NORAD Monitors U.S. Skies to Protect the Homeland

(EXCERPT) By Donna Miles American Forces Press Service

WASHINGTON, Oct. 14, 2003 - On the morning of Sept. 11, 2001, the
staff at the North American Aerospace Defense Command was poised to
identify a missile test or space launch anywhere in the world, or to
tell exactly how many items of "space junk" were circling the globe.

What they didn't know was that four commercial airplanes hijacked
within U.S. borders were launching an orchestrated terrorist attack on
the United States.

That's because, at the time, the eyes and ears of NORAD were focused
on aerospace threats launched far from the shores of the United States
and Canada. The concept of an attack from within U.S. borders seemed
almost inconceivable to a command created in the 1950s to address Cold
War threats.

Today, NORAD's operations division chief says the command is
dramatically changed, with a larger scope and a major role in the war
on terror.

Air Force Lt. Col. Lennie Coleman said NORAD's ground-based radar,
airborne radar, aircraft, satellites and intelligence capabilities now
focus within the United States and Canada as well as offshore to
identify suspicious aircraft or other aerospace threats.

"We've expanded from our Cold War structure to be able to meet the
terrorist threat that's out there," he said.

From its air warning center, deep within Cheyenne Mountain near
Colorado Springs, Colo., NORAD now conducts around- the-clock
monitoring in support of Operation Noble Eagle — the mission to
protect the homeland.

Since Sept. 11, 2001, Coleman said, NORAD has flown more than 32,000
sorties in support of Operation Noble Eagle. More than 1,500 of these
sorties, flown by U.S. F-15 and F- 16 fighters and Canadian CF-18s
from sites throughout the United States and Canada, involved what
Coleman calls "targets of interest."

"In every single one of these cases, the pilots taking off on the
ground or being diverted have no idea if they are going up to another
Sept. 11," Coleman said. "Every mission is taken very seriously."

Fortunately, most "targets of interest" have turned out to be pilots
who had mistakenly strayed into restricted air space or whose
communication or navigation equipment had failed, he said.

But in several instances, they proved to be real-life threats. One was
the airliner that carried Richard C. Reid, the "shoe bomber" who tried
to blow up a Paris-to-Miami flight just four months after the 9-11
terrorist attacks. U.S. fighters shadowed the flight until the pilots
made an emergency landing in Boston.

Two other "targets of interest" involved hijacked Cuban airliners.
Again, U.S. fighter jets intervened in both hijackings, shadowing the
aircraft until they landed in the Florida keys.

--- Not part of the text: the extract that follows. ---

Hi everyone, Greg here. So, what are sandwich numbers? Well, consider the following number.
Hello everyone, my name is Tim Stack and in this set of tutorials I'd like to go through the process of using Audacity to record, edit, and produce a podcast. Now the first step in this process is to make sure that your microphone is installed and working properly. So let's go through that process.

Coleman emphasized that NORAD does not conduct its expanded mission in
a void. The command works hand-in-hand with a wide range of government
agencies, including the Department of Homeland Security, the Secret
Service and the Transportation Security Agency.

"We work closely with them to complement the security measures that
they have put in place since 9-11," Coleman said. "And we've helped
make sure that our defensive measures will be there if those security
measures fail."

Nowhere is NORAD's increased intergovernmental coordination more
evident than with the Federal Aviation Administration.

"Before Sept. 11, the FAA had to physically pick up the phone and call
us if there was a hijacking," said Coleman. "Today, they don't have to
do that. We have constant, real- time communications with the FAA. So
when they have concern about an airplane — even before they determine
that it is a problem — we already know about it. That's a vast
improvement."

But Coleman said NORAD is constantly "exercising the system and
looking for ways to do it smarter, do it better" and to improve
interagency coordination.

Information sharing is key, he said, to ensuring that each agency
understands its role in a crisis and is prepared to carry it out.

Coleman said regular exercises help reinforce that the system is
working, and serve as a deterrent to would-be terrorists.

"Time and space are our friends," he said. "If we can gain one extra
day, one extra hour, one extra phone call, one extra planning effort
that the bad guys have to take, that gives those intelligence, law
enforcement and security elements in the field that one chance to
catch them before we, the last line of defense, (have) to act."

Coleman said these initiatives are making the United States and Canada
far safer than before Sept. 11.

"We've looked at the terrorist threat very seriously, and we've
expanded our communication, our command-and-control infrastructure and
our interagency coordination to be able to hopefully avoid ever having
another 9-11," he said.

"We're much better postured to meet the threat, no matter where it
comes from — not only externally, but internally as well. And that's a
guarantee."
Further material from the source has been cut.